- WHAT TO PRODUCE
Every entry below should appear in the answer exactly as written, apart from the pictures.

BEGIN

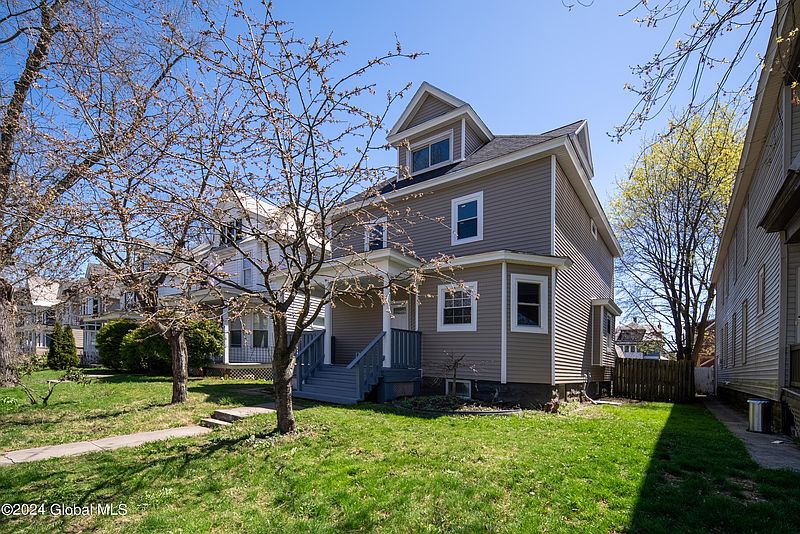 2nd image of 1150 Glenwood Boulevard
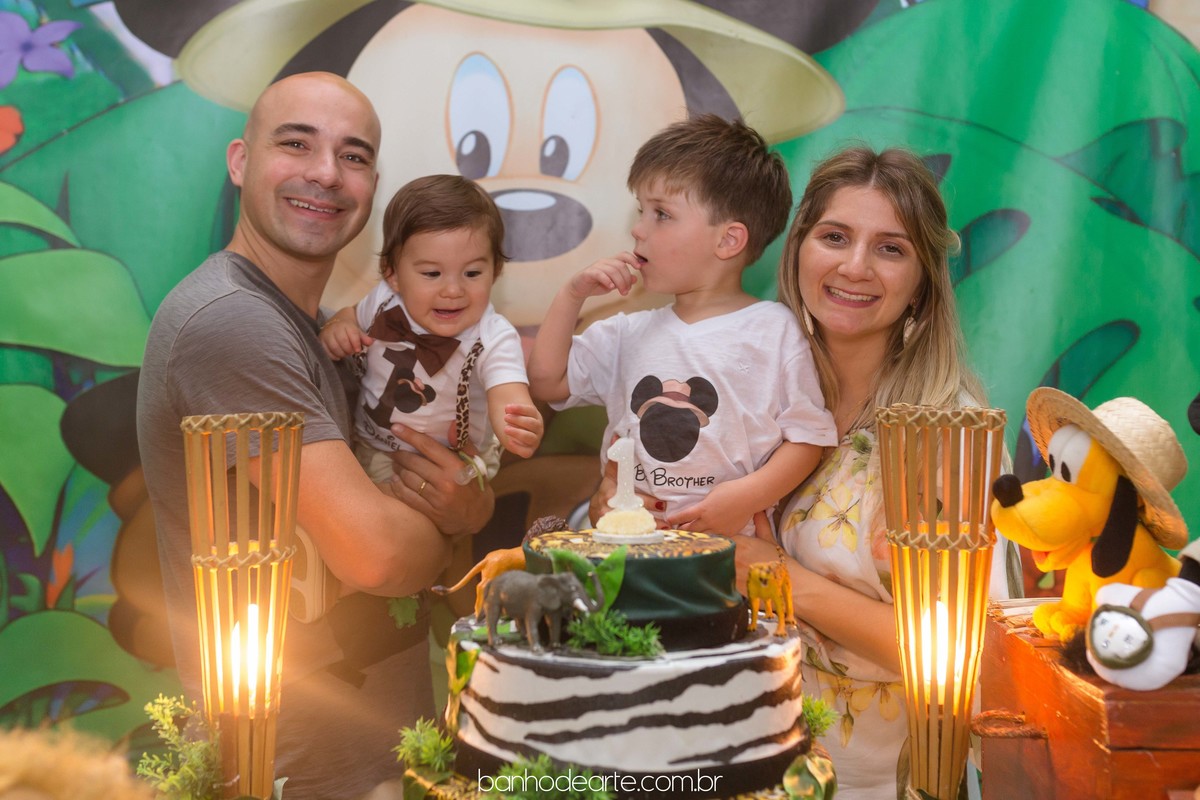 Aniversário de 1 aninho do Daniel - Tema Mickey Safari - Buffet Mago Ra Tim Boom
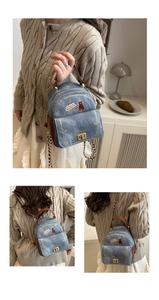 Détail d'un mini sac à dos en jean bleu avec motif chat et accents en cuir marron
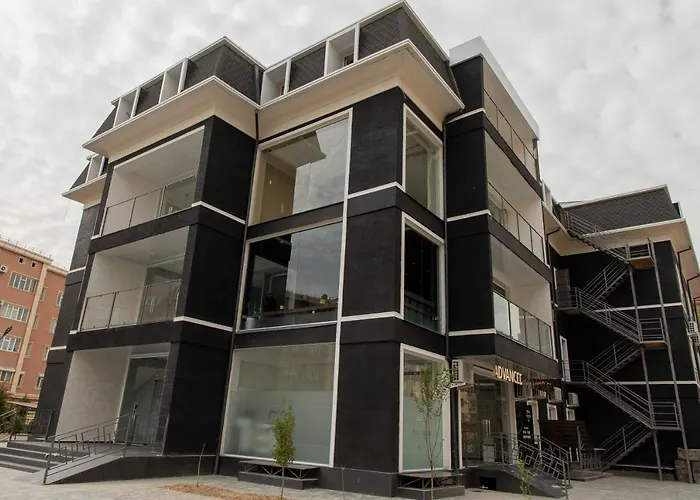 Safarov'S Family Hostel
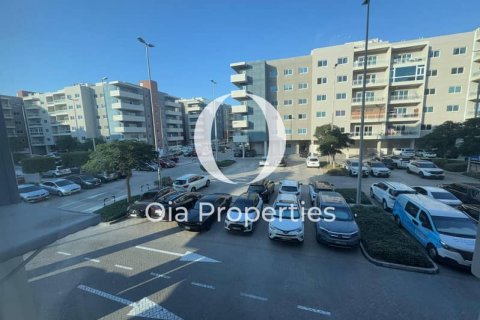 Apartament në Al Reef, Abu Dhabi, Emiratet e Bashkuara Arabe 3 dhoma gjumi, 144 m2. № 628744 - Foto 2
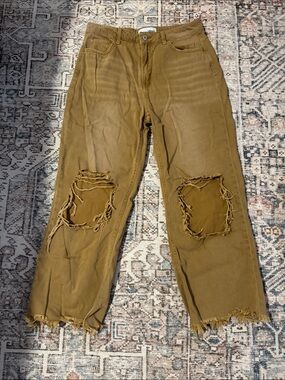 Women’s Ankle Cropped Distressed Jeans - Mustard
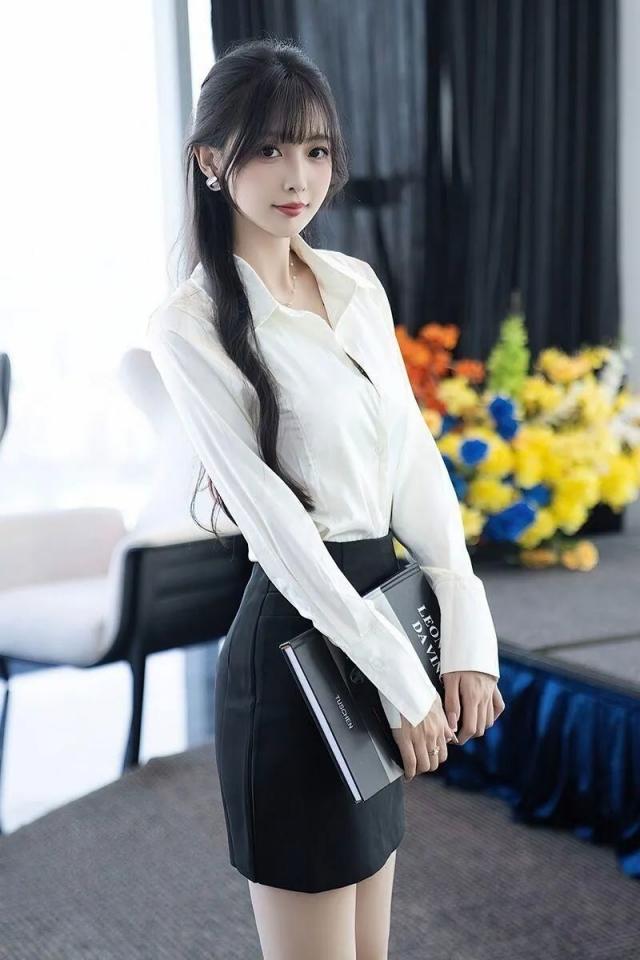 職場美女黑色包臀裙甜美寫真[38P]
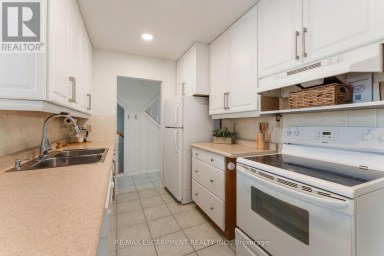204 BIRCHCLIFFE CRESCENT Hamilton (Berrisfield) Ontario photo 14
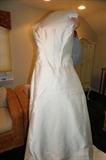 CAROLINA HERRERA WEDDING GOWN SIZE 16
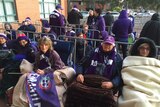 Dockers fans queue for preliminary final tickets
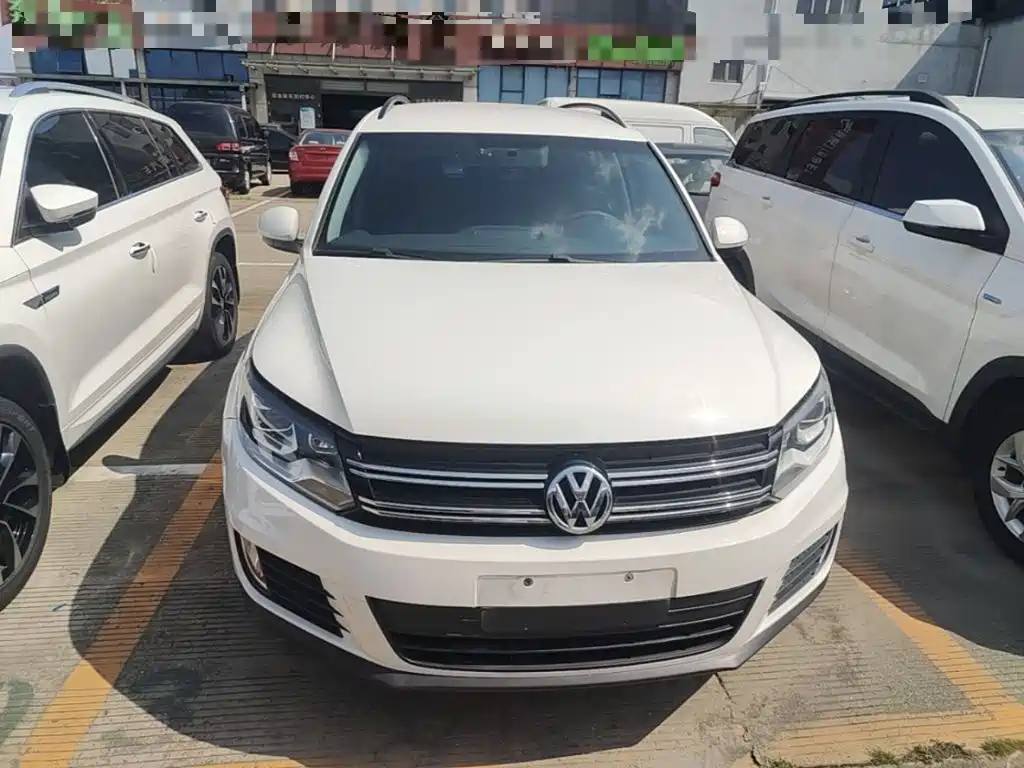 Volkswagen Tiguan — фото 3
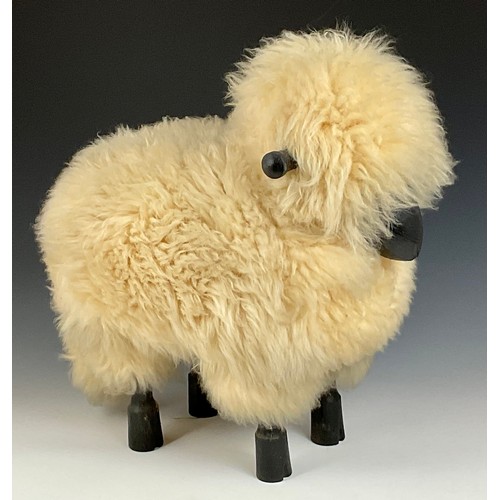 601 - NOVELTY SHEEP STOOL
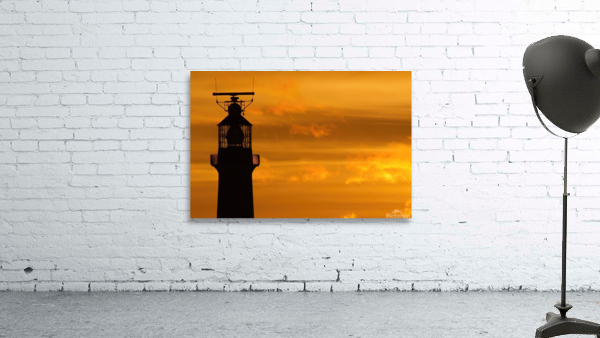 lighthouse at sundown Wall Preview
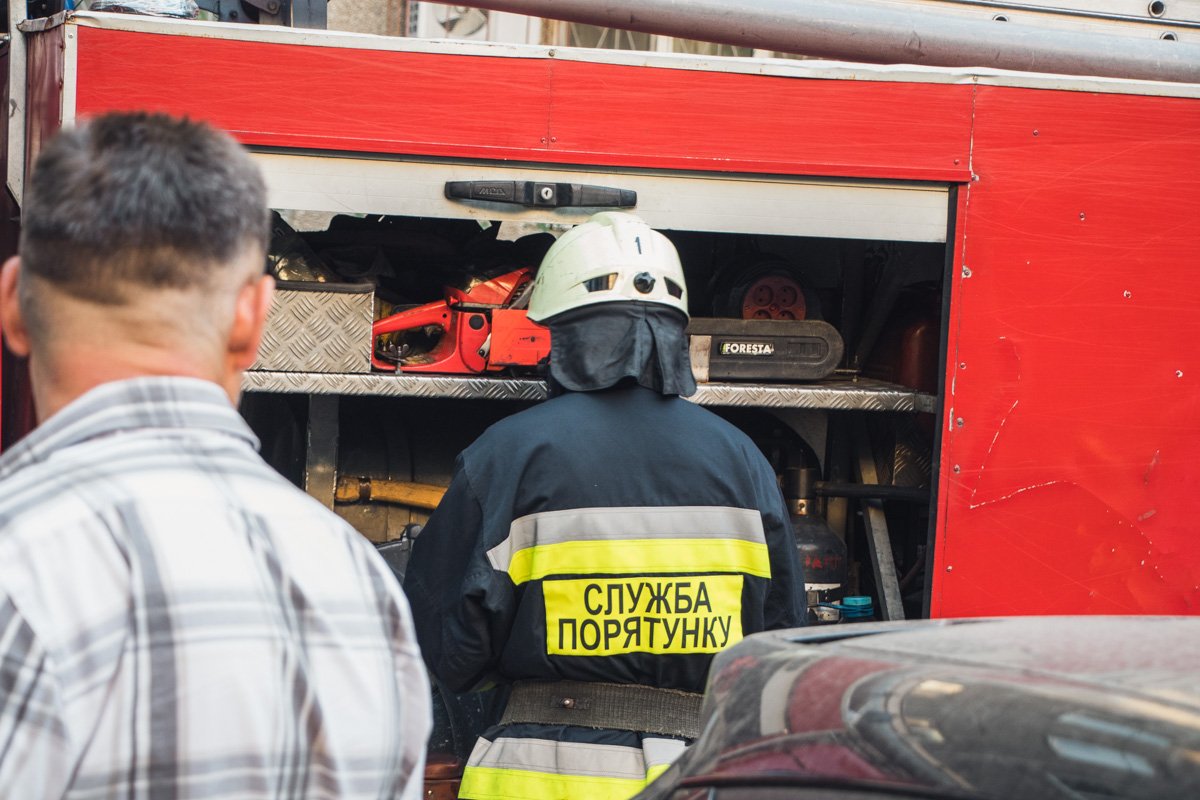 Дежурит аварийка Дежурит аварийка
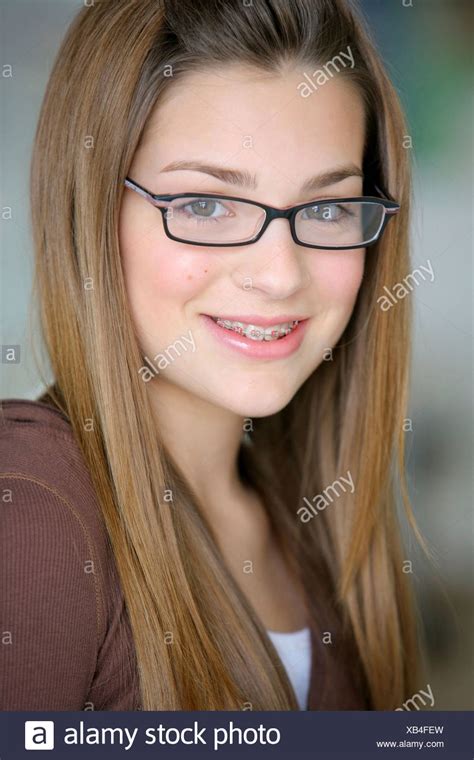 Junges Mädchen Mit Brille Und Zahnspange Stockfotografie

END

- SOLUTION TO THIS TASK
 2nd image of 1150 Glenwood Boulevard
 Aniversário de 1 aninho do Daniel - Tema Mickey Safari - Buffet Mago Ra Tim Boom
 Détail d'un mini sac à dos en jean bleu avec motif chat et accents en cuir marron
 Safarov'S Family Hostel
 Apartament në Al Reef, Abu Dhabi, Emiratet e Bashkuara Arabe 3 dhoma gjumi, 144 m2. № 628744 - Foto 2
 Women’s Ankle Cropped Distressed Jeans - Mustard
 職場美女黑色包臀裙甜美寫真[38P]
204 BIRCHCLIFFE CRESCENT Hamilton (Berrisfield) Ontario photo 14
 CAROLINA HERRERA WEDDING GOWN SIZE 16
 Dockers fans queue for preliminary final tickets
 Volkswagen Tiguan — фото 3
 601 - NOVELTY SHEEP STOOL
 lighthouse at sundown Wall Preview
 Дежурит аварийка Дежурит аварийка
 Junges Mädchen Mit Brille Und Zahnspange Stockfotografie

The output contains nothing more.